The growth and development of muscle fibers is an important factor in determining the yield and quality of livestock meat, and the heterogeneity of fiber types is an important characteristic of animal muscle tissue. Muscle fibers can be divided into four types according to the polymorphism of myosin heavy chain (MyHC). Type I (slow oxidative muscle fibers) have a large number of mitochondria, a high myoglobin content and aerobic metabolic enzyme activity, but low ATPase activity, so the contraction rate is slow and sustained; Type IIa (fast oxidative muscle fibers) contain a certain amount of myoglobin, a high glycogen content, and have two energy supply pathways: aerobic metabolism and glycolytic metabolism; Type IIb (fast glycolytic muscle fibers) have a small number of mitochondria, a high glycogen content, high ATPase activity, high glycolytic enzyme activity, and a fast and short contraction rate; Type IIx (intermediate muscle fibers) have a number of mitochondria, a high myoglobin content, a series of enzyme activities, and metabolic and contractile characteristics between type IIa and type IIb muscle fibers. Therefore, when the proportion of oxidative muscle fibers is high, the muscle color, pH value, marbling score and intramuscular fat content are all high, the muscle is tender, the water retention performance is high, and the meat quality is good.

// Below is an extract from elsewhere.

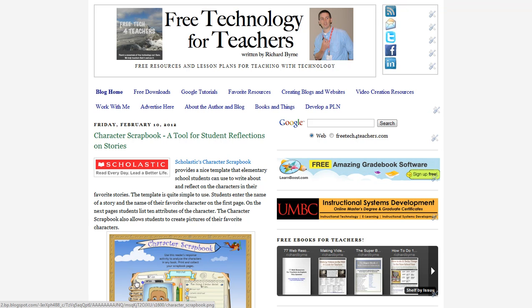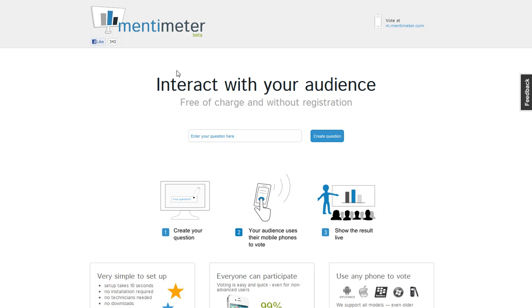Hi everyone, this is Richard Byrne at Free Technology for Teachers. Today I want to show you a free service for surveying your classroom using your students' cell phones or their laptops or desktop computers. The service is called Mentimeter. You can find it at mentimeter.com.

Adenosine monophosphate-activated protein kinase (AMPK) is called the "energy monitor" of the cell, which can promote mitochondrial biosynthesis and metabolic changes in oxidative muscle phenotypes. At present, there are three main ways to activate AMPK: exercise activation, activator, and special feed-induced activation. Nutrition is the basis for ensuring animal muscle development, and how to improve meat quality through dietary nutrition is a problem that people are more concerned about. Therefore, Su Lin, Li Huijiao, Jin Ye* and others from the College of Food Science and Engineering of Inner Mongolia Agricultural University fed rats with creatine monohydrate (CMH) and conjugated linoleic acid (CLA), and measured the AMPK activity and the relative expression of muscle fiber-related gene mRNA to explore the effect of adding CMH and CLA to the diet on the composition of rat muscle fiber types and its relationship with the AMPK metabolic pathway.
1. Effects of dietary supplementation of CMH and CLA on growth performance of rats

As shown in Figure 1, after CMH and CLA were added to the diet, the growth rate of rats in the low- and high-dose CMH groups was higher than that in the control group, while that in the low- and high-dose CLA groups was lower than that in the control group, but there was no significant difference between the groups. As shown in Figure 2, after CMH and CLA were added to the diet, the daily intake of rats was significantly lower than that in the control group (P < 0.05), but there was no significant difference between the low- and high-dose CMH groups and the low- and high-dose CLA groups (P > 0.05). Studies have found that dietary supplementation of CLA has no significant effect on the average daily weight gain of pigs, but in general, the daily intake decreases linearly with the increase in the amount of CLA added, which is consistent with the results of this experimental study.
2. Effects of dietary supplementation of CMH and CLA on rat muscle fiber type composition

As shown in Figure 3, compared with the control group, the relative expression of MyHC IIa in the low-dose CMH group and MyHC IIb in the low- and high-dose CMH groups increased significantly (P < 0.05); at the same time, the relative expression of MyHC IIx mRNA in each experimental group decreased, and there was no significant difference between the low- and high-dose CMH groups (P > 0.05). Therefore, dietary supplementation of CMH increased the relative expression of MyHC IIa and MyHC IIb mRNA in rat gastrocnemius muscle, and the effect of low-dose CMH on muscle fiber type composition was more obvious than that of high-dose CMH.
3. Effects of dietary supplementation of CMH and CLA on LDH, SDH, and MDH activity in rat gastrocnemius muscle

As shown in Figure 4, compared with the control group, dietary supplementation of high-dose CMH and CLA can reduce LDH activity in rat gastrocnemius muscle, among which the high-dose CLA group was significantly different from the control group (P < 0.05). This indicates that the activity of glycolytic enzymes in rat gastrocnemius muscle is weakened after dietary supplementation of CMH and CLA. SDH and MDH are the rate-limiting enzymes in the aerobic oxidation of glucose, which can reflect the degree of mitochondrial aerobic metabolism and evaluate muscle oxidative activity. As shown in Figure 5, the SDH activity of the low-dose CMH group and the low- and high-dose CLA groups was significantly higher than that of the control group (P < 0.05). As shown in Figure 6, the MDH activity of the low-dose CLA group was significantly higher than that of the control group (P < 0.05). Overall, after adding CMH and CLA to the diet, the SDH and MDH activities of the gastrocnemius muscle of rats increased to varying degrees, indicating that the oxidative enzyme activity of the gastrocnemius muscle of rats increased. This is consistent with the result that the proportion of oxidative muscle fibers increased and the proportion of glycolytic muscle fibers decreased after adding CMH and CLA.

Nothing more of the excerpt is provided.